Les illusions sur l'indépendance et la souveraineté lettone ont vite été dissipées: à titre d'exemple 30% des terres lettones appartiennent déjà à des étrangers. Les nationalistes espéraient faire de la Lettonie une « puissance » dans le secteur bancaire, avec des banques nationales fortes. Mirage : toutes les banques lettones ont désormais été rachetées par des banques scandinaves. Si le démantèlement de l'économie lettone a pu représenter une blessure à la fierté nationale, elle a eu également des conséquences bien plus dramatiques sur les conditions de vie du peuple letton plongeant la majorité dans la pauvreté et la lutte pour la survie. Une situation qui touche les salariés confrontés à la baisse continue de leur salaire réel, les jeunes que les bas salaires et le chômage poussent à émigrer en masse et, de manière dramatique, les retraités qui représentent un quart de la population et dont 94% vit sous le seuil de pauvreté.



Les travailleurs commencent à s'organiser et les communistes gagnent en crédibilité



La situation socio-économique est telle que, phénomène assez nouveau en Lettonie, les salariés et les retraités luttent et s'organisent désormais pour revendiquer la hausse des salaires et des retraites. Cette situation d'ensemble explique également le succès du Parti Socialiste Letton (PSL). Ce dernier est l'hériter du Parti Communiste Letton, interdit depuis 1991.

La situation des communistes lettons est d'autant plus difficile qu'ils doivent s'organiser dans un climat d'anticommunisme virulent. Le Parti Communiste est interdit, mais toute propagande pour des idées communistes et marxistes est également interdite, et tout membre du PC letton avant 1991 n’a pas le droit de se présenter à une élection nationale.
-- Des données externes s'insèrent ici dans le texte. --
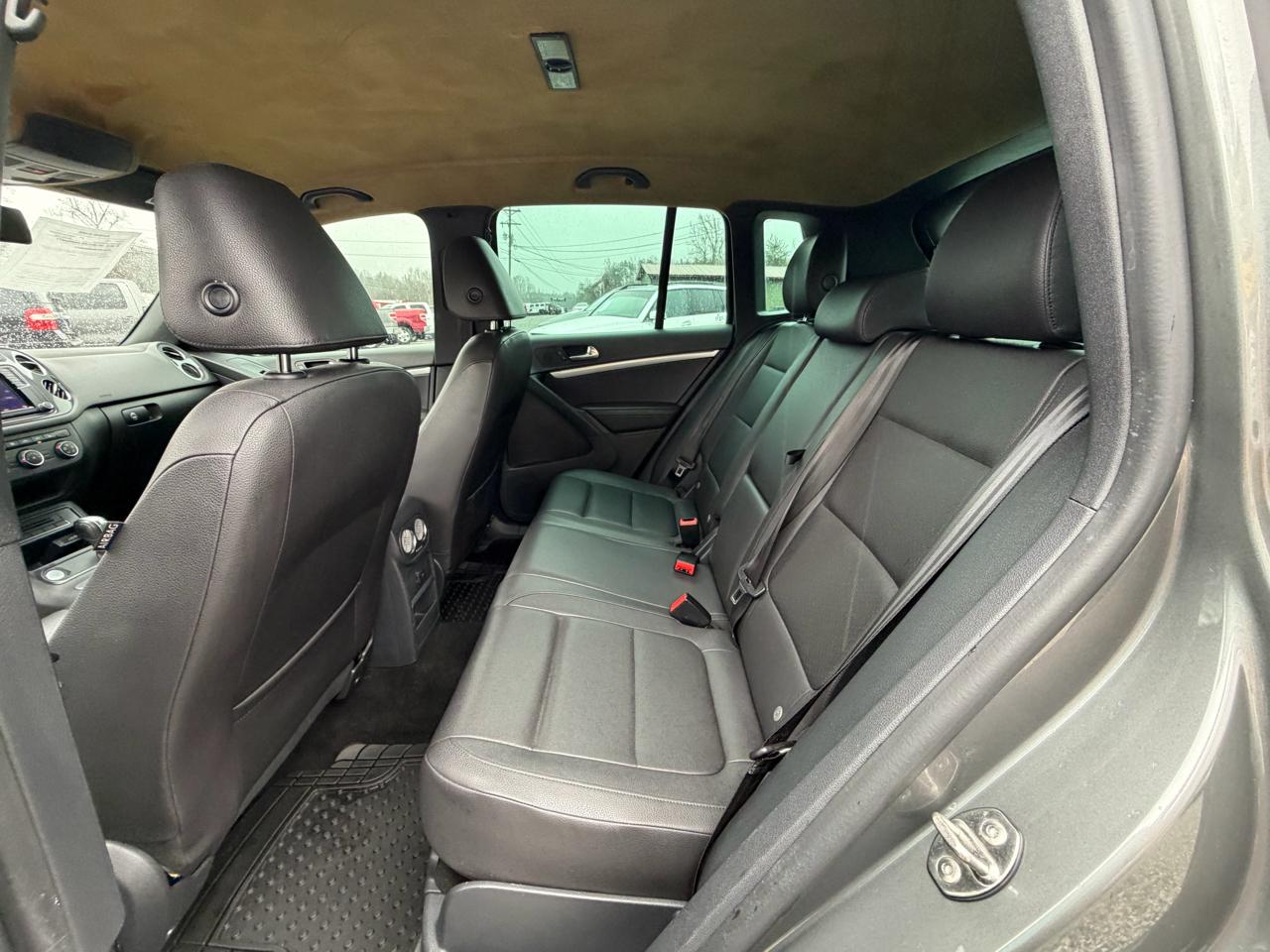 Volkswagen Tiguan SE 2016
Dans un tel climat de terreur, le fait que le PSL ait 4 députés au Parlement, obtienne 8% des voix lors des dernières élections législatives et parvienne à sortir de son isolement par sa collaboration avec les forces progressistes réunies dans la coalition du « Centre de l'Harmonie » prouve l'enracinement des idées communistes dans le pays.



Rubiks, fidèle à ses convictions, à Riga comme à Strasbourg



Alfred Rubiks – dont le fils est par ailleurs député au Parlement letton – ne pouvant se présenter à une élection nationale, a ainsi pu mesurer le niveau de sa popularité aux élections européennes. Placé tête de liste par la coalition, ce qu’il représente est pour beaucoup dans l'excellent score obtenu qui a permis l'élection d'un deuxième député de la coalition. Fidèle à ses convictions, Rubiks a adhéré – dès son élection – au groupe confédéral de la Gauche Unitaire Européenne, à laquelle appartiennent les forces communistes et progressistes européennes. Tout comme il s'est battu en URSS et en Lettonie pour les intérêts du peuple letton, nous pouvons être confiants sur sa détermination à se battre pour les intérêts de son peuple et des autres peuples européens à Bruxelles.